Ia mengambil peran ini setelah periode singkat melatih Cagliari, membawa pengalaman segudang dan kecintaan mendalam pada Giallorossi.

Sebagai penasihat senior, Ranieri diharapkan dapat memberikan masukan strategis kepada manajemen, staf pelatih, serta membantu menstabilkan suasana internal klub.

Kehadirannya dipandang sebagai jembatan antara identitas klub yang kaya sejarah dengan visi modernisasi yang dicanangkan kepemilikan baru.

Ranieri dan Roma: Kisah Cinta yang Tak Pernah Padam

Kisah Ranieri dengan AS Roma bukanlah sekadar hubungan profesional biasa. Ia adalah produk asli akademi Roma, pernah membela klub sebagai pemain, dan dua kali menjabat sebagai pelatih kepala.

Momen paling ikonik mungkin saat ia nyaris membawa Roma meraih Scudetto pada musim 2009/2010, sebuah pencapaian heroik yang membuatnya semakin dihormati oleh Romanisti.

Kecintaannya pada seragam merah marun dan kuning khas Roma tak pernah pudar, membuat setiap kembalinya selalu disambut hangat. Oleh karena itu, pencopotannya dari posisi penasihat senior menjadi tanda tanya besar tentang arah klub.

Misteri di Balik Absennya Gasperini: Sebuah Sinyal Tersembunyi?

Inilah inti dari kehebohan yang terjadi. Mengapa seorang Ranieri, yang selalu dikenal sebagai sosok profesional dan santun, mengabaikan nama Gasperini dalam pidato perpisahannya?

Padahal, dalam konteks sepak bola Italia, ucapan terima kasih atau salam perpisahan seringkali mencakup banyak pihak, bahkan yang tidak berhubungan langsung.

Siapa Gian Piero Gasperini dan Kenapa Namanya Penting?

Gian Piero Gasperini adalah pelatih Atalanta yang telah mengubah klub kecil itu menjadi kekuatan menakutkan di Serie A dan Eropa. Ia dikenal dengan filosofi sepak bola menyerang yang atraktif dan kemampuannya mengembangkan pemain muda.

Belakangan ini, nama Gasperini kerap disebut-sebut sebagai salah satu kandidat potensial untuk mengisi posisi pelatih di klub-klub besar, termasuk AS Roma, jika terjadi perubahan di kursi kepelatihan.

Potensi Alasan Pengabaian: Spekulasi Panas di Ruang Ganti

Ada beberapa kemungkinan mengapa nama Gasperini tidak disebut oleh Ranieri. Masing-masing memicu spekulasi yang berbeda:

  • Bukan Bagian Langsung dari Lingkup Kerjanya: Sebagai penasihat senior, mungkin Gasperini tidak termasuk dalam lingkaran langsung yang berinteraksi dengannya secara reguler, sehingga dianggap tidak relevan untuk disebut. Namun, ini terasa kurang meyakinkan mengingat Gasperini adalah nama besar.
  • Rivalitas Profesional: Gasperini adalah pelatih yang memiliki gaya dan reputasi tersendiri. Bisa jadi ada semacam rivalitas tak kasat mata atau perbedaan pandangan profesional yang membuat Ranieri enggan menyebutnya.
  • Indikasi Masa Depan Roma: Spekulasi yang paling menarik adalah bahwa ini bisa menjadi sinyal halus.
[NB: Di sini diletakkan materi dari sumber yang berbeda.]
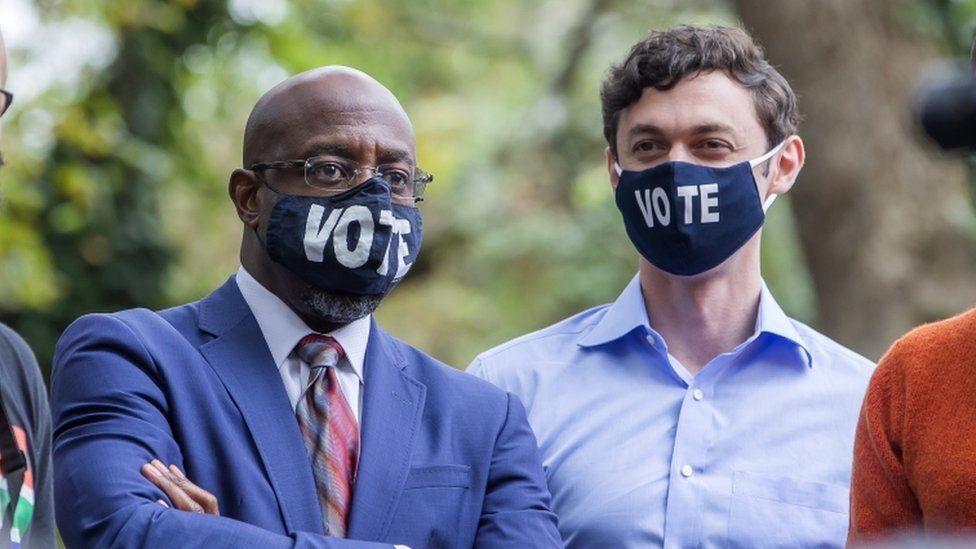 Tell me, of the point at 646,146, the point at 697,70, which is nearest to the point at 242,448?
the point at 646,146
Jika Gasperini memang menjadi kandidat kuat untuk melatih Roma di masa depan, pengabaian ini bisa diartikan sebagai ketidaksetujuan Ranieri, atau bahkan sebuah sindiran bahwa ia merasa Gasperini tidak cocok untuk klub yang dicintainya.
  • Ketersinggungan Pribadi: Dalam dunia sepak bola, friksi pribadi bukanlah hal yang aneh. Mungkin ada insiden di masa lalu atau perbedaan pendapat yang membuat Ranieri tidak nyaman menyebut namanya.
  • Murni Kelupaan/Oversight: Meskipun kurang dramatis, ini juga sebuah kemungkinan. Dalam momen emosional perpisahan, detail bisa saja terlewat. Namun, untuk Ranieri yang berpengalaman, hal ini patut dipertanyakan.

Menurut beberapa pengamat, setiap kata yang diucapkan (atau tidak diucapkan) oleh tokoh sekaliber Ranieri seringkali memiliki bobot tersendiri. Ini bukan sekadar kelalaian, melainkan mungkin pesan yang sengaja disampaikan.

Dampak dan Arah Baru AS Roma

Pencopotan Ranieri, terlepas dari alasan di baliknya, menandai perubahan dalam struktur manajemen AS Roma. Klub mungkin sedang dalam proses restrukturisasi internal atau menyesuaikan strategi jangka panjang mereka.

Absennya nama Gasperini dalam ucapan perpisahan Ranieri bisa menjadi petunjuk kecil tentang dinamika kekuasaan dan ambisi di balik layar Giallorossi.

Apakah ini berarti Gasperini semakin dekat ke Roma, atau justru semakin jauh? Hanya waktu yang akan menjawab.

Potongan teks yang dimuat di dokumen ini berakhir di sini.